Ok, aber diese Logik ist doch nirgendwo implementiert. Es wird nur überprüft ob a > b. Ein Umtauschen findet aber nicht statt.


----------



## mrBrown (27. Jan 2018)

Natürlich ist das implementiert, was denkst du denn, was `points.sort` macht?


----------



## programmierer123 (28. Jan 2018)

Ok, und warum kann man als Parameter nicht einfach zwei Variablen übergeben und muss gleich eine anonyme function übergeben? 

Es gibt nirgendwo eine for-Schleife, in der über das ganze Array iteriert wird. Warum werden also alle Zahlen des Arrays verglichen?


----------



## Robat (28. Jan 2018)

*Wie* oft / mit welchen Algorithmus die Zahlen sortiert werden ist schon implementiert. Das macht die sort Funktion für dich.

*Wonach* die Zahlen sortiert werden übergibst du der Funktion als Parameter. Die callback Funktion die du dort übergibst bestimmt ja letztenendes nur ob auf - oder absteigend sortiert wird.


----------



## programmierer123 (28. Jan 2018)

Ok, die Sortfunktion erwartet als Parameter einen Vergleich.
Kommt eine Zahl größer 0 raus, dann wird die Reihenfolge geändert.

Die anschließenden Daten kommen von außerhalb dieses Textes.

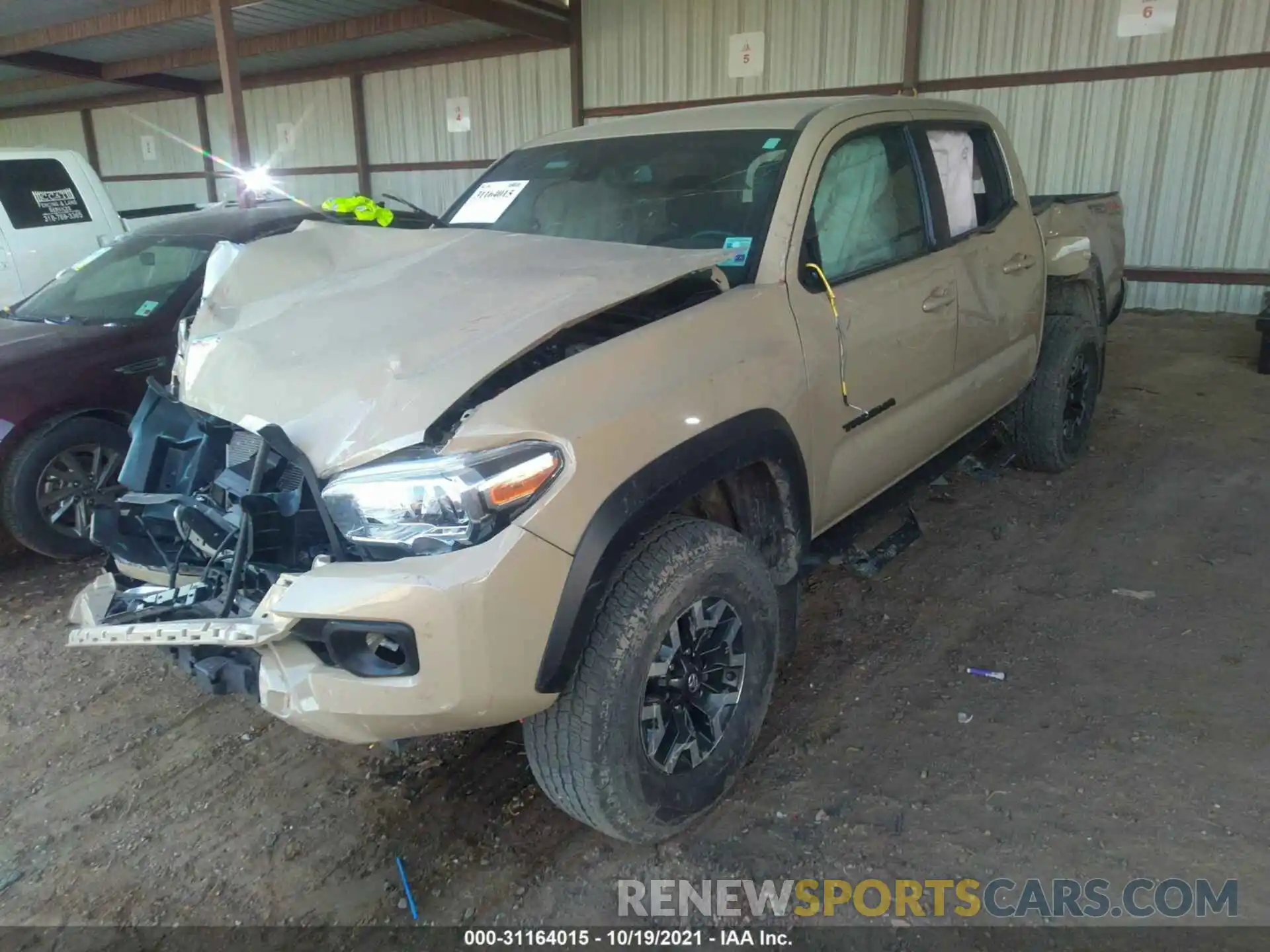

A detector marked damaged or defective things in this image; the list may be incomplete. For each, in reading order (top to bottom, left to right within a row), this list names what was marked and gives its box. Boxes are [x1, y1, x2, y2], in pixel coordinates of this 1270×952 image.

broken headlight assembly [318, 442, 561, 558]
crushed front hood [184, 222, 730, 476]
damaged toyota tacoma [64, 95, 1127, 841]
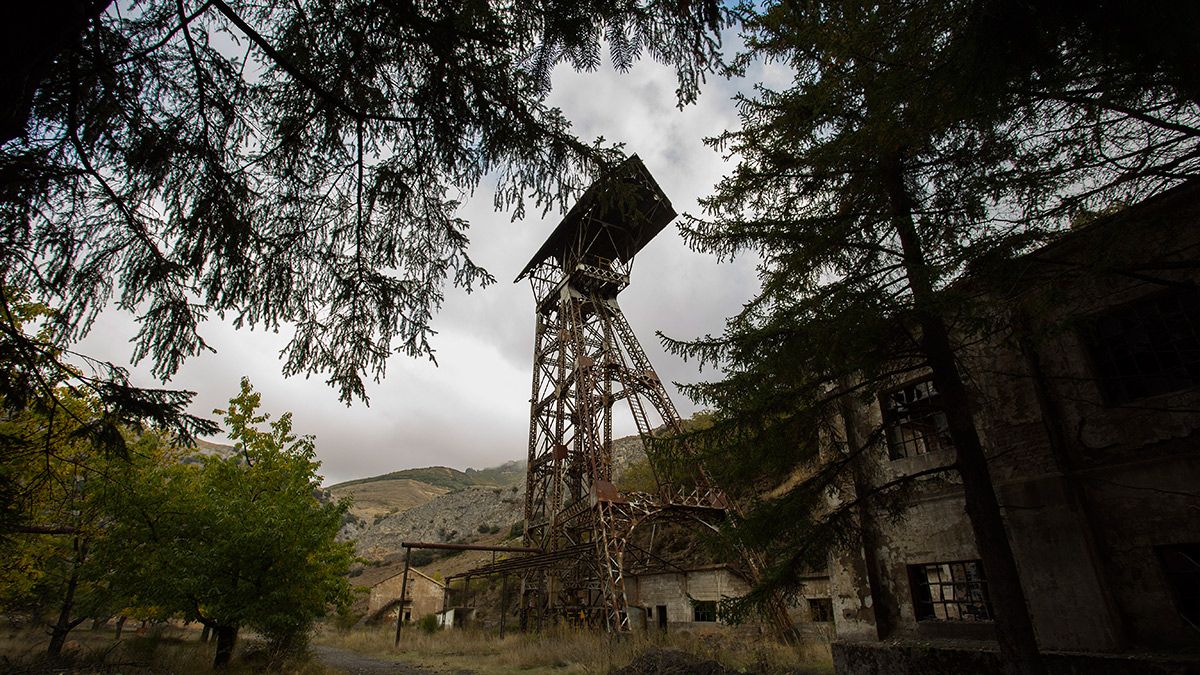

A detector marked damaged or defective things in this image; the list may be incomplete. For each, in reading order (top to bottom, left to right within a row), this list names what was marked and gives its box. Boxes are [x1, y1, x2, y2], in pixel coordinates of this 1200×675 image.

broken window [1080, 288, 1200, 401]
rusted metal framework [501, 154, 724, 629]
broken window [878, 374, 950, 458]
broken window [806, 593, 835, 619]
broken window [907, 557, 993, 619]
broken window [1156, 540, 1195, 624]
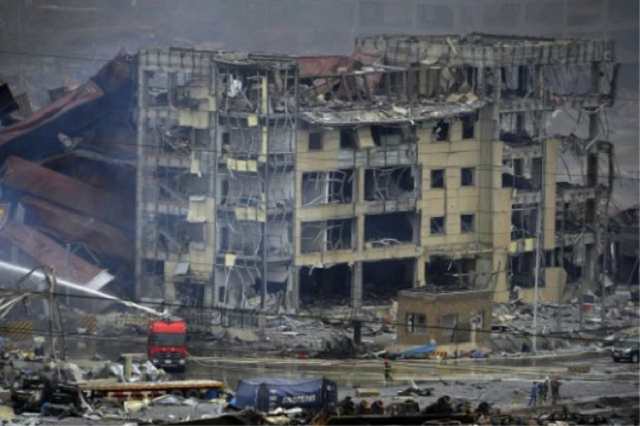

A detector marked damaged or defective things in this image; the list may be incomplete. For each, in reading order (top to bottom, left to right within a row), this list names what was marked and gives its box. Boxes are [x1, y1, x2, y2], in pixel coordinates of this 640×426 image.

damaged facade [136, 34, 620, 312]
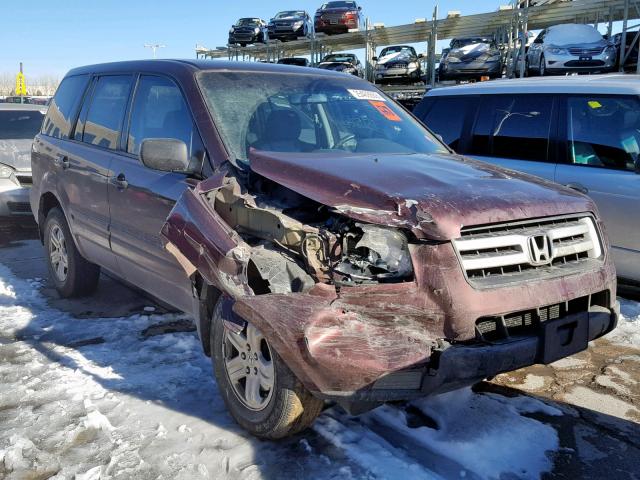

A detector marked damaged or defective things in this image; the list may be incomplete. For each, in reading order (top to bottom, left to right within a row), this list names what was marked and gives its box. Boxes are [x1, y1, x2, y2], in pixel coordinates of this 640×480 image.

bent hood [249, 150, 596, 240]
damaged honda pilot [31, 60, 620, 438]
broken headlight [332, 224, 412, 284]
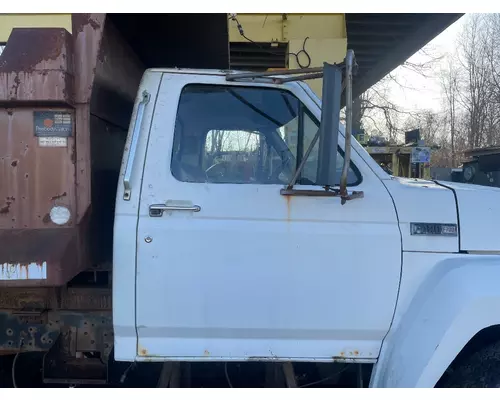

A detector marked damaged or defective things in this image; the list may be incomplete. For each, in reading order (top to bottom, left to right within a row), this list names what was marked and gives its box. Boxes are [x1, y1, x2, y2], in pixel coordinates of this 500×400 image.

rusty metal panel [0, 27, 75, 104]
rusty metal panel [0, 108, 76, 230]
rusty dump bed [0, 13, 230, 288]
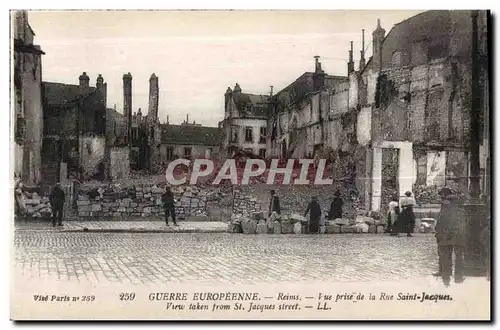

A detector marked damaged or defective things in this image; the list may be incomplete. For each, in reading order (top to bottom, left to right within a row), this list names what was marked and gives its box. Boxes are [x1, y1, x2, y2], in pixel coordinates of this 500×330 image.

broken roof [160, 124, 221, 146]
damaged building facade [221, 10, 490, 214]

Bei einer Zahl kleiner 0 wird die Reihenfolge beibehalten. 
Das Iterieren über das ganze Array macht die sort-Funktion und muss daher nicht implementiert werden?


----------



## Flown (29. Jan 2018)

programmierer123 hat gesagt.:


> Kommt eine Zahl größer 0 raus, dann wird die Reihenfolge geändert. Bei einer Zahl kleiner 0 wird die Reihenfolge beibehalten.


Lese bitte nochmal die letzten Beiträge durch.


Robat hat gesagt.:


> Noch mal zur Erinnerung:
> - Wenn a - b > 0 .. dann ist a größer als b
> - Wenn a - b = 0 .. dann ist a gleich b
> - Wenn a - b < 0 .. dann ist a kleiner b





programmierer123 hat gesagt.:


> Das Iterieren über das ganze Array macht die sort-Funktion und muss daher nicht implementiert werden?


Sozusagen. Sortieren ist nicht einfach iterieren.


----------